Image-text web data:
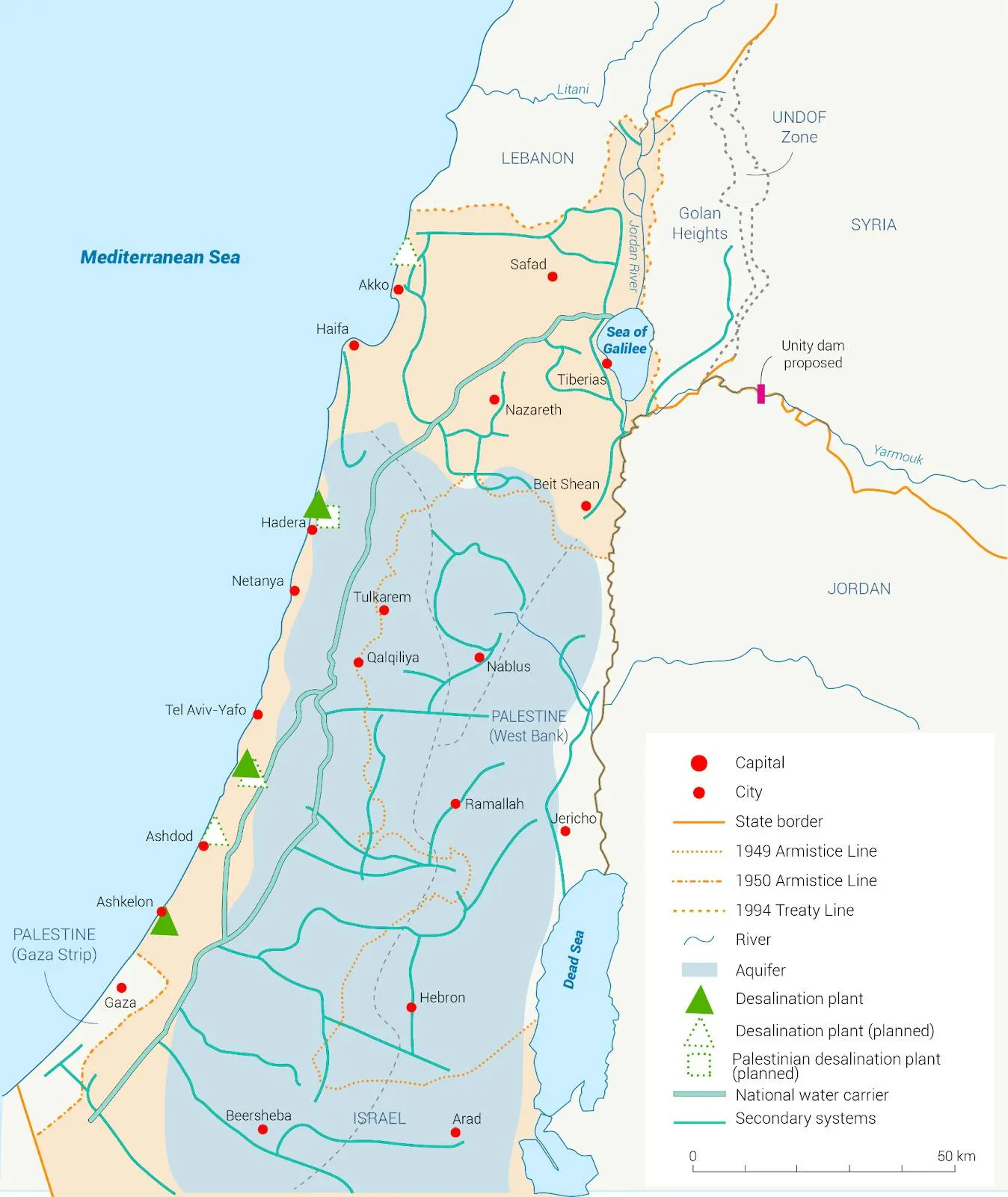 Map of Israel's national water carrier network, marking existing and planned desalination plants along the Mediterranean coast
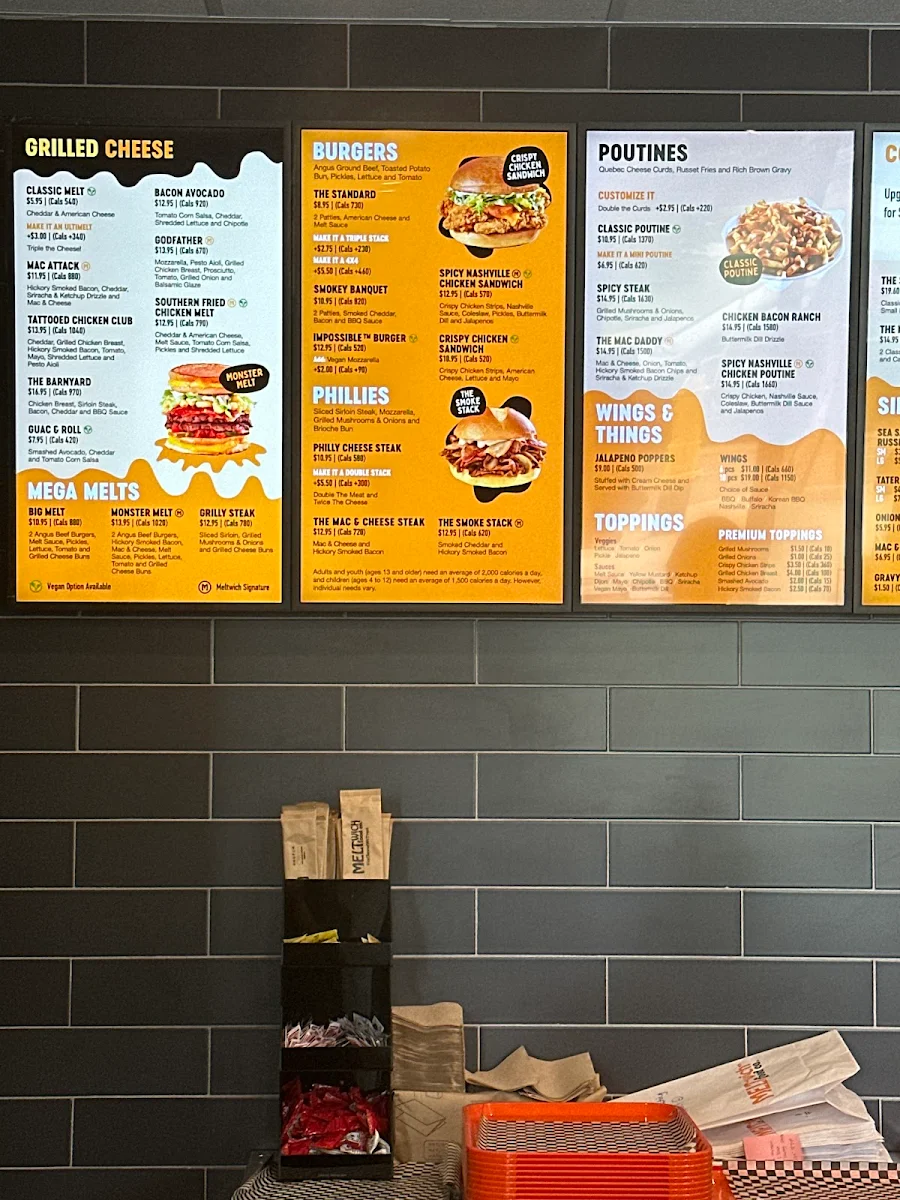 Menu, Meltwich Food Co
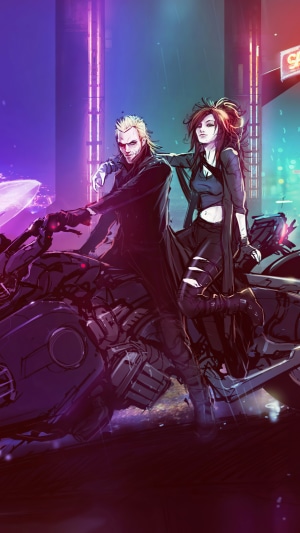 Sci-fi artwork of a couple on a motorcycle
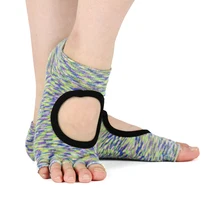 Женские носки для йоги, силиконовые Нескользящие носки в горошек с пятью пальцами, дышащие носки с половинчатым носком, носки для балета, спортзала, фитнеса, спорта, хлопковые носки с открытой спиной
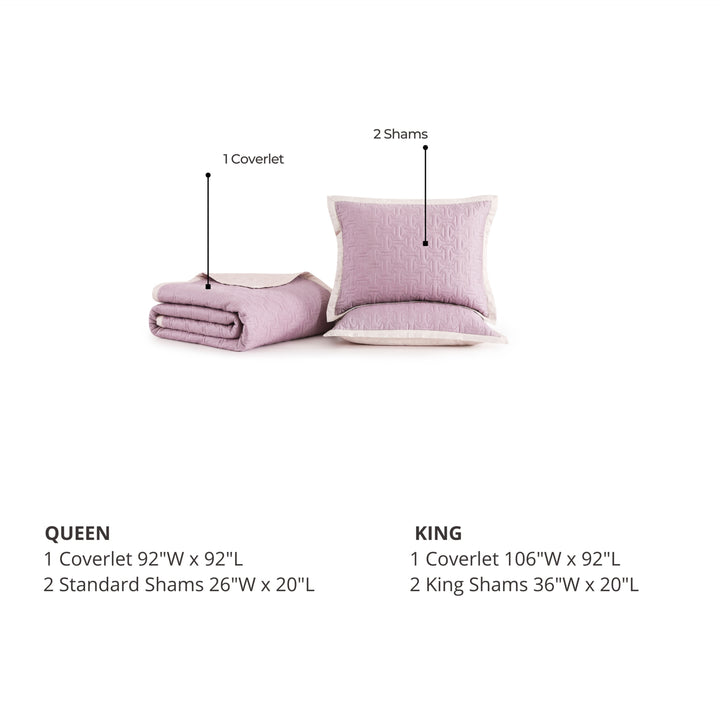 Bebejan 3 Piece Textured Quilted Coverlet Set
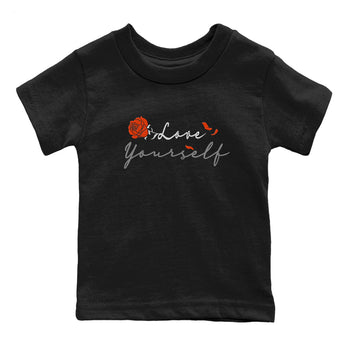 Foams One Jin shirts to match jordans Love Yourself sneaker match tees Foams One Jin match shoes to clothes SNRT Sneaker Tees Youth Baby Black 2 tee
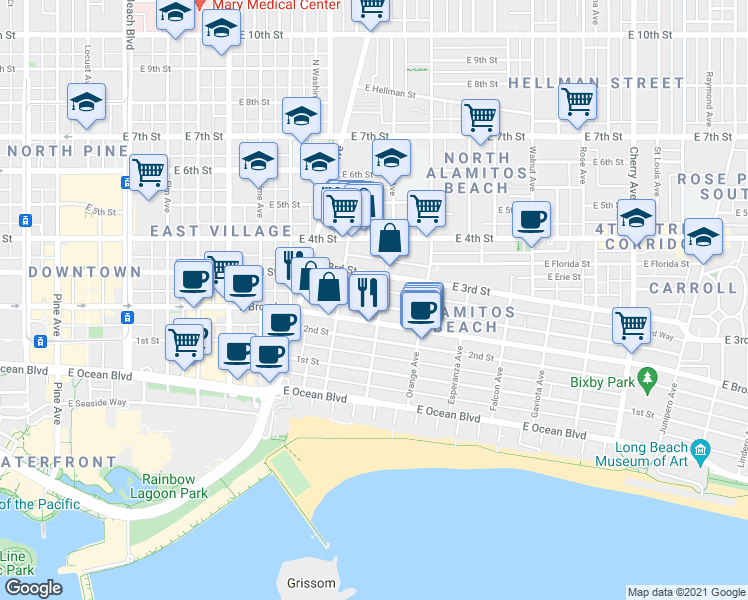 map of restaurants, bars, coffee shops, grocery stores, and more near 1061 East Appleton Street in Long Beach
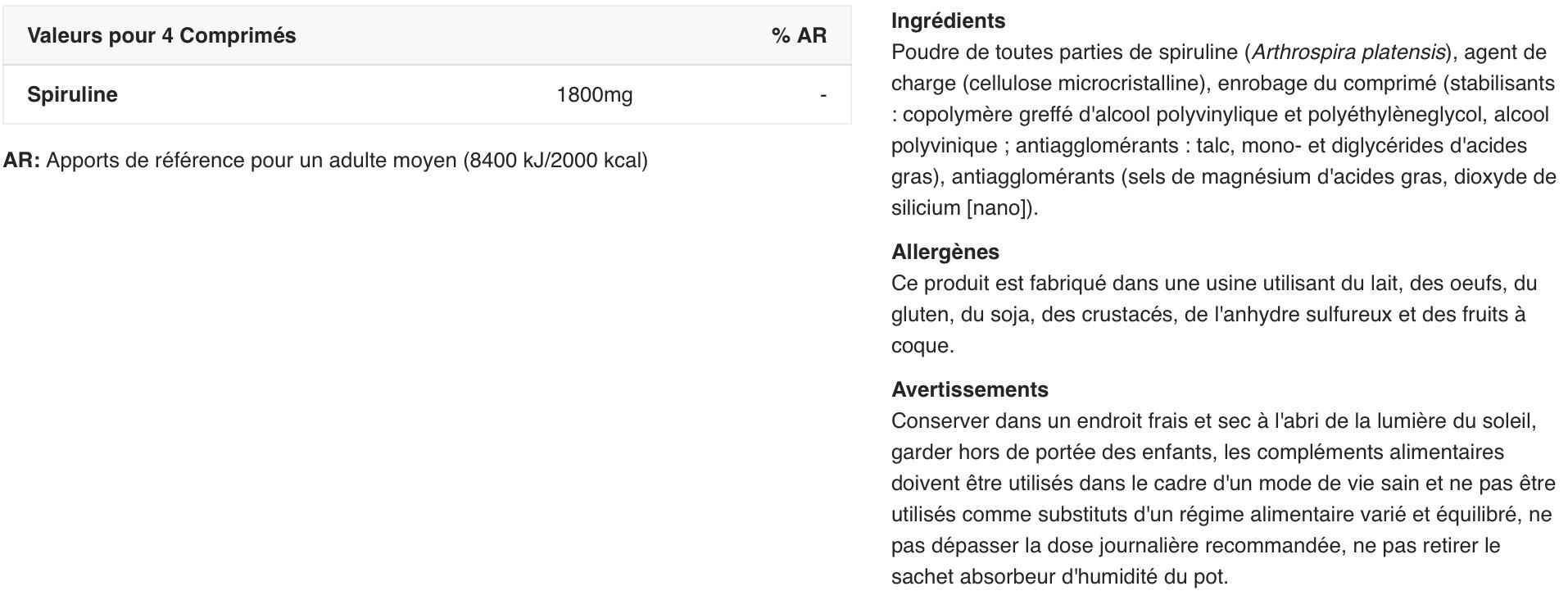 Spiruline - Spirulina - 100 Comprimés 2/5
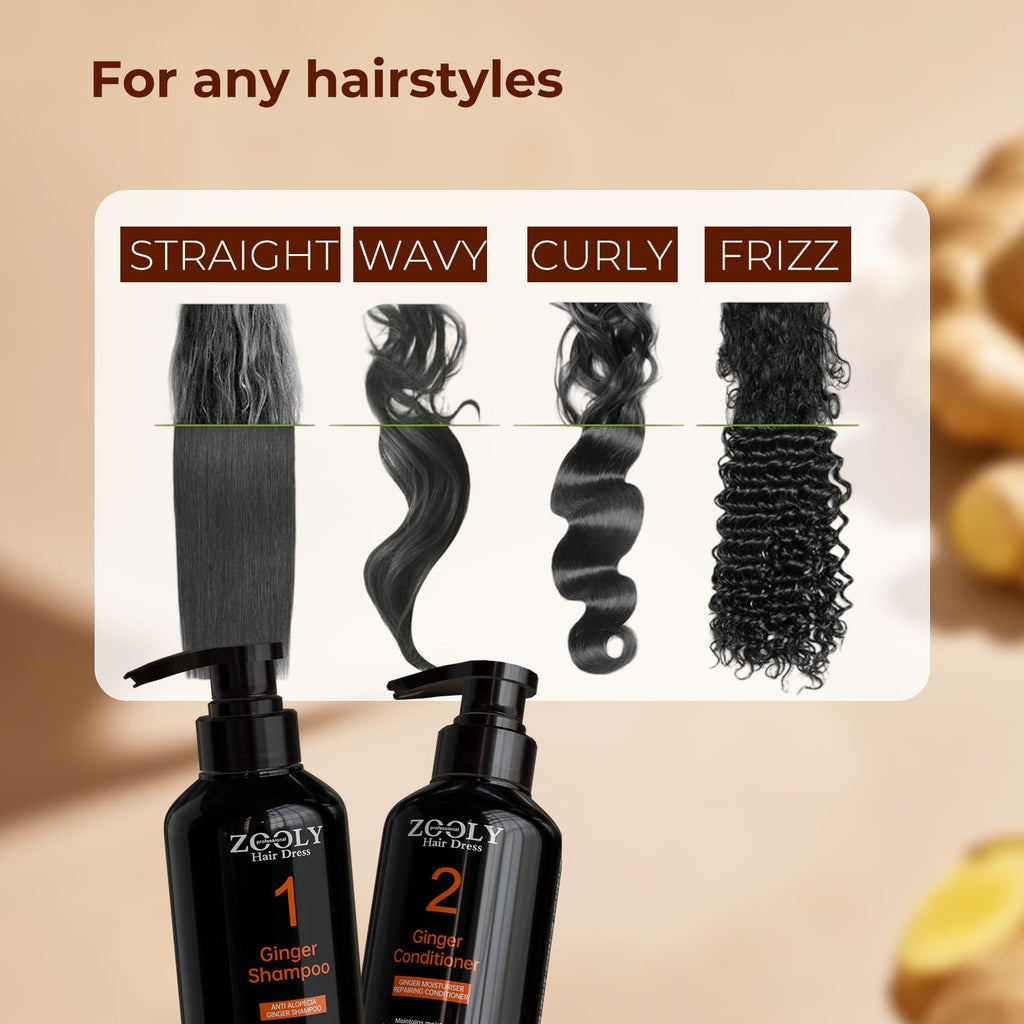 ZOOLY PROFESSIONAL Ginger Shampoo & Conditioner Set 20.3 Fl Oz – Nourishes Roots, Salon-Grade Scalp Care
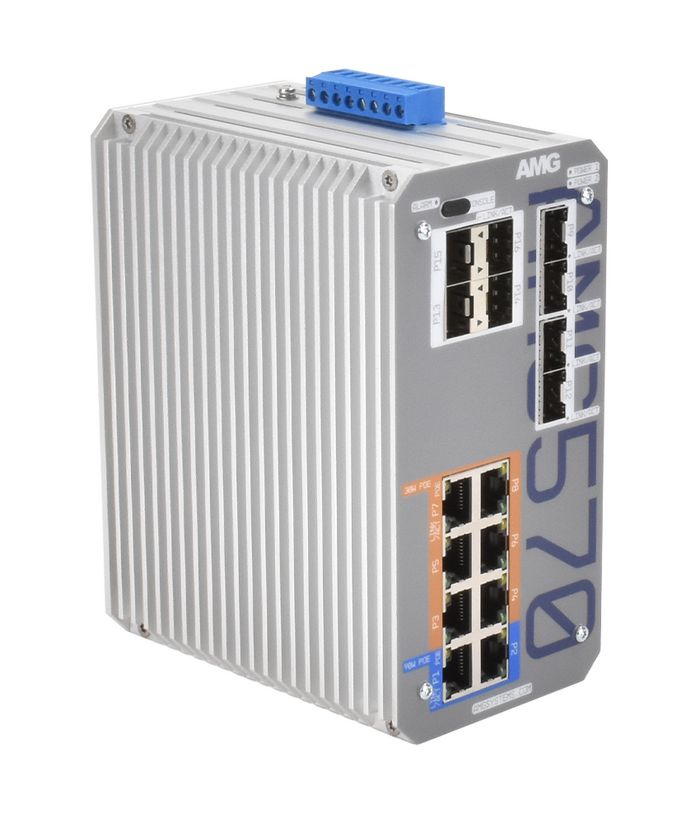 AMG Industrial Managed Switch 8x 10/100/1000TX (2x 90W, 6x 30W PoE), 6x ...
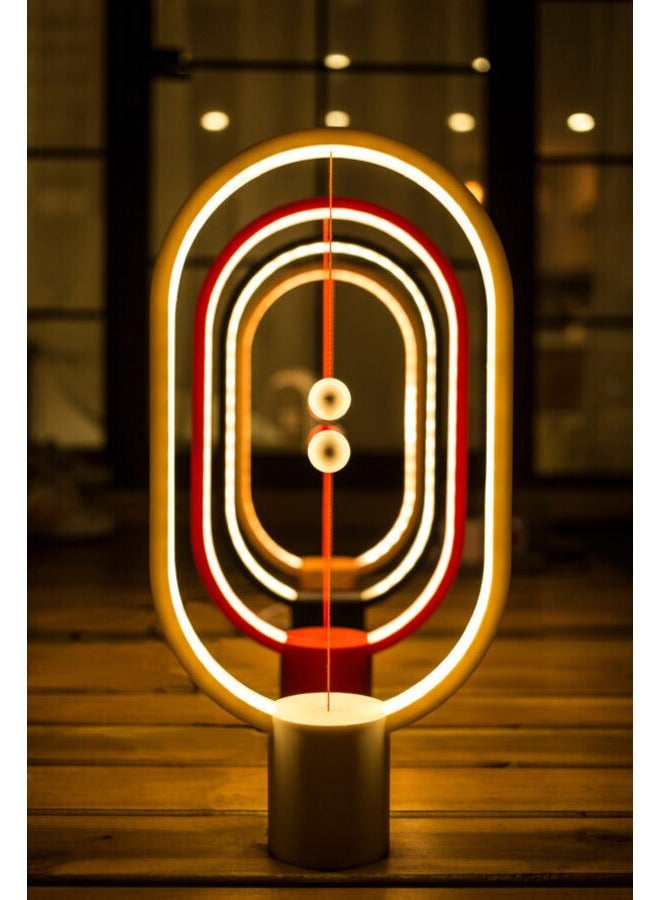 هينج بالانس Hengpro Balance LED Table Lamp Ellipse المغناطيسي منتصف الهواء التبديل العناية بالعين ضوء الليل التحكم باللمس - أبيض - Image 5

* **Problem statement**
What is needed is the exact run of lines from the start of the data through the line with "Sci-fi artwork of a couple on a motorcycle", both ends included, minus the pictures.

* **Reply to the task**
 Map of Israel's national water carrier network, marking existing and planned desalination plants along the Mediterranean coast
 Menu, Meltwich Food Co
 Sci-fi artwork of a couple on a motorcycle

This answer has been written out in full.